When Will My Project Be Done?….and How to Get the Answer We Know You Want!

In nearly 15 years in business, we’d heard just about every question imaginable. Some questions, though, we hear every week. When we hear these questions, we have a pretty good idea of the desired answers. Here’s our top question.

When can you complete the project?

About 95% of the time, the desired answer is “now., today or tomorrow” Or “yesterday..” We live in a time where we want what we want when we want. This is understandable, and we at Kona Impact are as guilty as anyone else of wanting our supplies and services sooner than later.

Here is what we do at Kona Impact to make sure we can complete projects quickly:

  • We keep 2-6 months of printed vinyl inventory.
  • We keep 3 months of foam core, Gatorboard, aluminum, and PVC inventory.
  • We always keep at least one extra set of inks and toners.
  • We strive to have redundant consumables.

As a result,

  • Our turnaround time (upon design approval) is usually a day for banners, foam core, Gatorboard, stickers, labels, and color copies.
  • Our turnaround time (upon design approval) for real estate, storefront, vehicles is usually within a week, usually sooner.
  • Our turnaround time (upon design approval) for most offset printing–business cards, brochures, postcards, folders, flyers, etc. is usually 5 business days.

We have two issues that affect completion time: 1) it’s bad business to “overstock” manpower, our workers, and 2) we need to keep 2-3 weeks of long-term projects in our queue and several days of short-term projects in our queue. A long-term project would be a CNC sign requiring custom stands or mounts, some design projects, and websites. Short-term projects are most of our real estate, store signage, and banners. 

So, as I say, it’s costly to spend a day counting rubber bands; that is, not having a lot of productive work in the pipeline.

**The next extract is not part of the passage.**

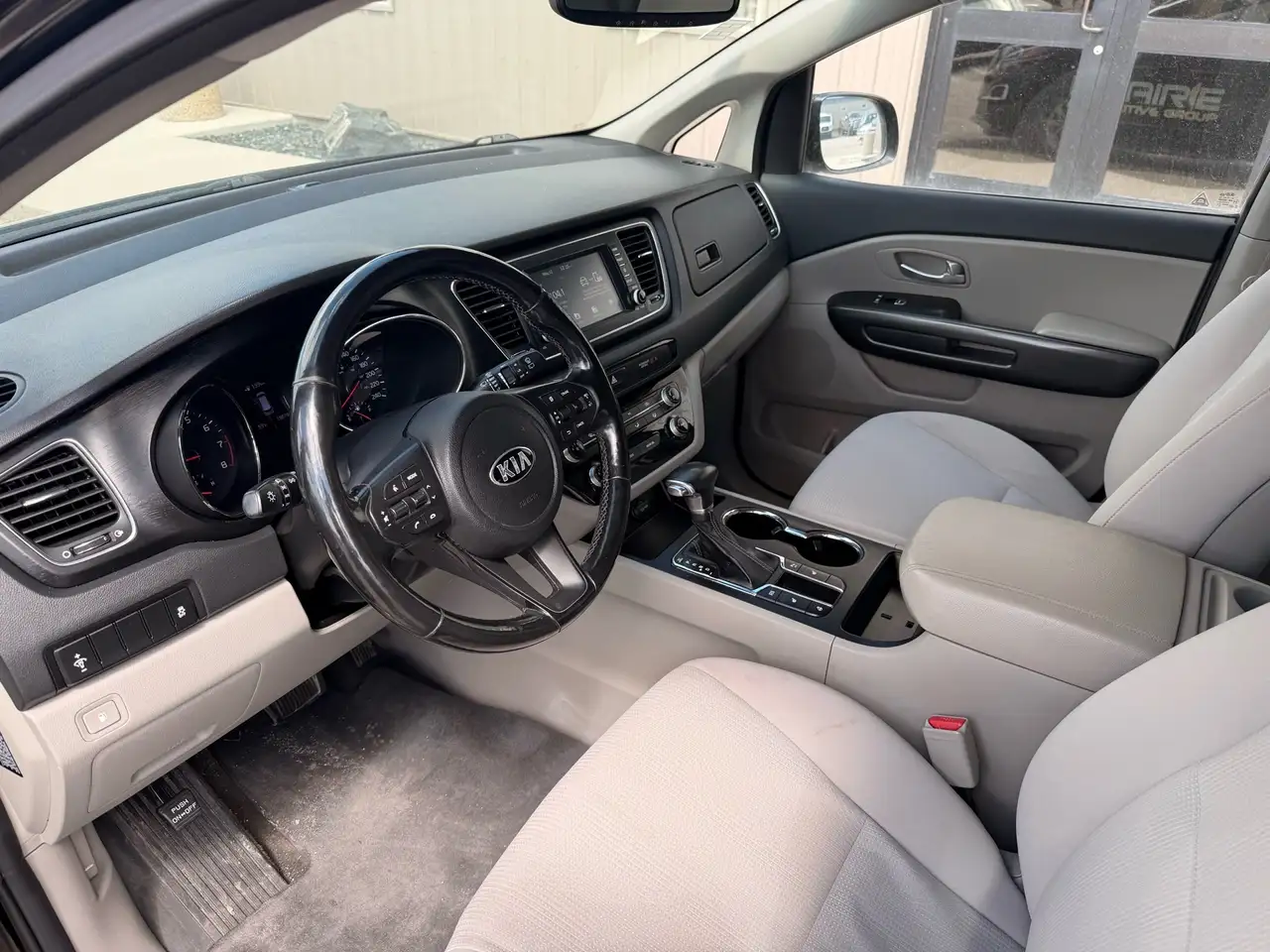 Kia Sedona снимка Kia Sedona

The customer service element of this is simple: letting a client’s project jump the queue, move ahead of others in line, pushes another client’s project down the list. That might be good for one client, but it’s bad for another.

Here’s what you can do:

  1. Plan ahead. That’s an easy recommendation, but it’s true. If you know that you need a banner for Friday, talk to us on Monday or Tuesday. We have a massive project for the summer of 2021, and the owner’s contacted us in September of 2020. That’s fantastic planning, and it will ensure a smooth process, high quality, and on-time delivery.
  2. Bring us everything we need. This might include logo files, measurements, and your ideas. We can only move as fast as the slowest part.
  3. Become a regular. This applies to almost every business. Develop a relationship with us by having us do big and small projects, and we’re more likely to be willing to stay late or work over the weekend to get your project done.
  4. Make us money. Yes, I said it. All things being equal, a customer that always brings small, mostly unprofitable projects should not expect a rush, cut-the-line service all the time. 
  5. On occasions, yes. Every project, no. We’re more than willing to help a client out who is in a pinch, but if every project becomes a crisis and a last-minute job, it’s hard for us to prioritize them over others that are already in line.
  6. Be polite and understanding. Rudeness will result will only turn us off. If we can, we do, but it is our choice. As they say, a crisis on your part does not equate to one on our part.